Feito este aviso sobre uma suspeita antiga sobre o baixo valor
e até o pouco interesse intelectual da arte contemporânea e dos seus epígonos,
regressamos ao novo conjunto de obras de IT que distinguimos do discurso
temporal da contemporaneidade sem lhe atribuirmos um anacronismo nem uma necessária
expressão do seu contrário. Em Coração Aventuroso, título retirado à obra
homónima de Ernst Junger, Inez Teixeira aventura-se numa trama de abstracções quase
figurativas, permanentemente sugestivas e incompletas, suscitando um
“trabalho” incessante de reconstrução de aparências numa procura de lucidez,
identidade, reconhecimento e, finalmente, conclusão do que na pintura ficou em
aberto. Este trabalho a meias com o espectador, observador atento e
interactuante, abre um campo de memórias e de graus de realidade, que acabam
por regressar a um sempre mesmo
tropo: o regresso ao antes do princípio, o regresso ao
processo da criação: a libertação de um caos magmático, elástico, ainda
hesitante e moldável, mas já estruturado, uma espécie de pré-nascimento das
formas que cingem, delimitam e definem os corpos, realidade indivisível e sagrada, antes do golpe perpetrado pela filosofia (e a ciência) moderna.

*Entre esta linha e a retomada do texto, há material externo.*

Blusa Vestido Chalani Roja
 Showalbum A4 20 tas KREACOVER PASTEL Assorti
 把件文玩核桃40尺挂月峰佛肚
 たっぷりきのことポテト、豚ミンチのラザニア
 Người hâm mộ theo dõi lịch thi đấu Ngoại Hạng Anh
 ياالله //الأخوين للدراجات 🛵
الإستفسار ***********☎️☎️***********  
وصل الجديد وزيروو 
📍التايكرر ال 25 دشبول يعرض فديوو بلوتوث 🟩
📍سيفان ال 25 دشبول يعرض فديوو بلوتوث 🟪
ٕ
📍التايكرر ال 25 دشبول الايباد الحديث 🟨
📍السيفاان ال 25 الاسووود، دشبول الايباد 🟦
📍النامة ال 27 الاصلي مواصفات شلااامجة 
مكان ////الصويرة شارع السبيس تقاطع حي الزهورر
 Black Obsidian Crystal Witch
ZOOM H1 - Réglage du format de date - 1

Esta visão pré-criacionista, esta ebulição do elemento
natural na luta pela formação, pelo direito ao corpo, pelo direito à alma,
representa um apelo, ou pelo menos exibe um sinal de alerta para a necessidade
de rever tudo e recomeçar, como numa aventura vivida à procura do amor – com
carne e sangue, alegria e sofrimento.
Há uma noite (negro) de onde as formas parecem surgir
iluminadas e retorcidas, atraídas por uma luz que as impulsiona para se
formarem, para nascerem – um movimento que as perpassa e lhes parece dar um
destino. Aquilo que parece ser uma revolução da natureza assume-se, assim,
antes, como uma dramaturgia espiritual, uma inquietação da alma e uma expressão
da luta pela presença, pelo aparecimento, pela vida. Fluindo em curvas e
contracurvas, destacando ou esbatendo formas em fundos que ora são negros ora
parecem ser brancos, desenhando estas linhas que são em si mesmas
transfigurações permanentes sem cair no pecado ou na antecipação da linha
recta, a pintura pode ser o que todos quiserem sem que deixe de ser o que é.
Muitos se hão-de entreter a olhar e a tentar reconhecer as
formas que conhecem. É um processo comum aos homens por ser um acto espiritual:
traçar sobre o aparente caos uma linha que organize em formas cognoscíveis e
inteligíveis uma semelhança sobre a qual se possa dizer o que é. Quantos não o
fizemos a olhar uma parede com salitre ou as nuvens no céu? Mas também
reconhecerão citações , creio que involuntárias, de Goya, William Blake,
Yourcenar, obviamente Ernst Junger, entre outros.